There is a company that I’m a founder of that has the commercial rights to do these CD tagging technologies: Sequel Genetics. We certainly see commercial promise in it. One realm for sure is the cell-based assay realm, which could come directly from the company or the company could collaborate with some other entity which is interested in running internal cell-based assays. And then there’s the model where the company provides tagged genes to the community.
The original company [started in 1999] and later split into two companies — one called Spectragenetics, and Sequel Genetics. Spectragenetics does genotyping using mass spec, and Sequel is on the proteomics side. That split happened in February .
It’s also very cool what [Spectra] does. We make peptides from the nucleic acid of interest, and it’s the peptide that goes into the mass spec. What you have when you have a mutation is a heterozygote — two copies that are different from each other. If you’re doing cancer genotyping, which is where Spectra is focusing its effort, in a lot of the tumor samples a mutant sequence may only represent 10 or 20 percent of the total, and that’s where the mass spec really has an advantage. If you have even 10 percent of the DNA molecules that have a different sequence, there will be a peptide in a different place in the mass spectrum. You don’t have a problem in principle in detecting that because you’ve got lots of dynamic range in the instrument. Because we do multiple reading frames, there’s usually at least one reading frame in which the mass of the mutant peptide is distinguishable sufficiently from the mass of the non-mutants. So it works — we’ve got several publications out on that, and more coming out.

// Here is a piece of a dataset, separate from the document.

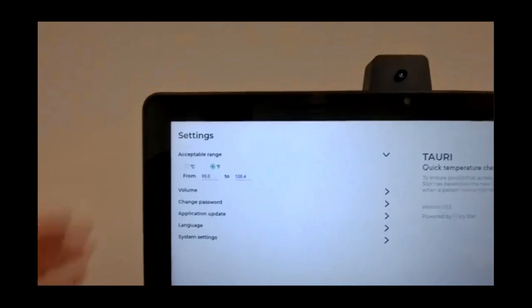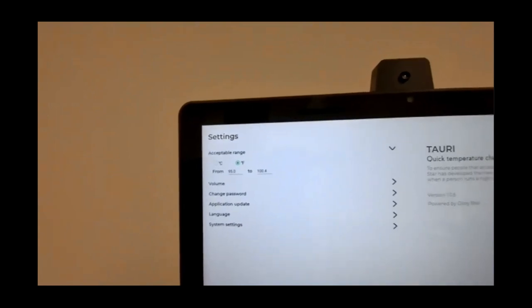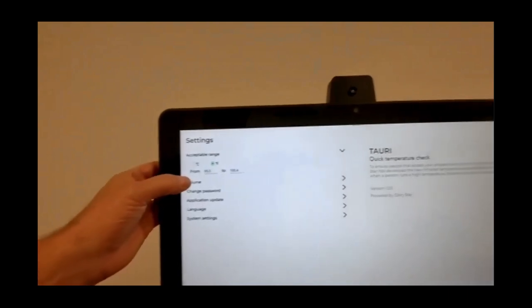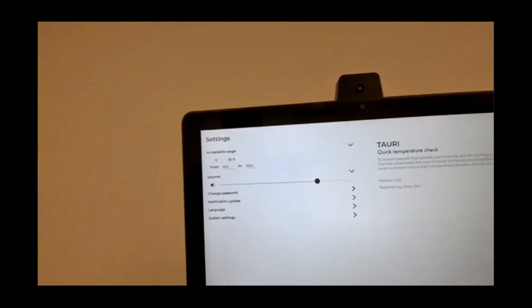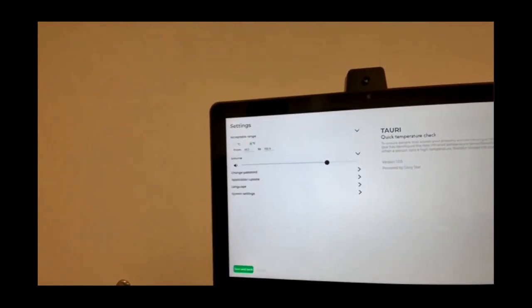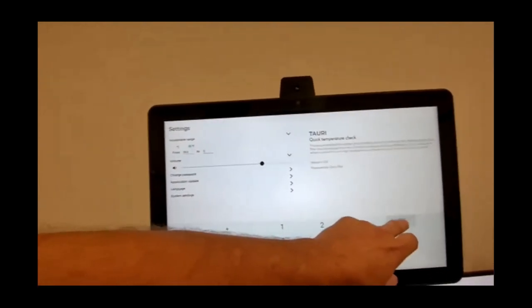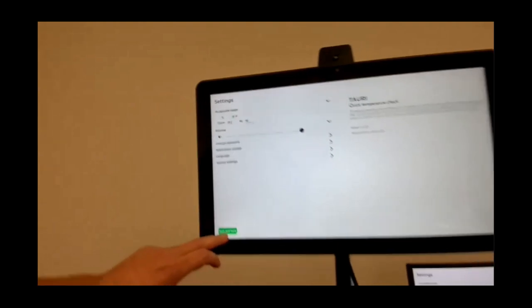On the settings screen we have options for Celsius or Fahrenheit. We're currently set to 95–100.4°F, with 100.4°F being where we trigger a high-temp alert. There's an audible component — we can ramp that up or down, all the way to mute. We can also adjust system settings like passwords, application updates over IP, and language. I'm going to drop the high-temp threshold to 96°F so I can demonstrate an over-temp condition.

In terms of Sequel Genetics, when will you start to commercialize your products?
We’ll do it as quickly as we can, and we’ll do it right. It’s not a timetable of months, but it could be as short as a year.
How do you see the future of proteomics?
Proteomics doesn’t deal with phenomena. It deals with descriptions. To the extent that one can mine the data sets, there’s certainly a chance to get knowledge out of that that’s new. The endeavour is very worthwhile. But will there ever be a department of proteomics in a university? My thought is, you’re never going to see that. So it’s probably going to fall back into genetics eventually. It will morph into something else. I’ll bet you anything.

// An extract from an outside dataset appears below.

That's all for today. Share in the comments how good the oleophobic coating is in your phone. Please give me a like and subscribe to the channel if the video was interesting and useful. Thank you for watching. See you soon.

Two papers came out in Nature last week describing localization studies that UCSF researchers did on GFP-tagged yeast proteins. How does your work relate to those studies?
The Nature papers are very relevant, and very timely, with respect to what we are doing. The work described there is the equivalent of what we are doing in many essential respects, but in yeast. [For example], the real gene, rather than cDNA, is tagged, so there is natural regulation. [Also], GFP and epitope tags are used for localization and purification of the protein, and live-cell localization is done by fluorescence microscopy. A large fraction of the proteome proved to be accessible through fluorescence microscopy of live cells in which the protein is present at natural levels, and the great majority of the localization data obtained for GFP-tagged proteins showed that the tag does not dramatically alter localization and function in most cases.
The big difference comes from the vast difference in complexity between yeast and higher organisms. It is approximately meaningful to speak of the yeast proteome, but the equivalent “human proteome” is a much less useful concept. There is no doubt in my mind that a resource similar to what was reported in the Nature papers would be of huge value for human genes, and our ambition is to generate just such a resource.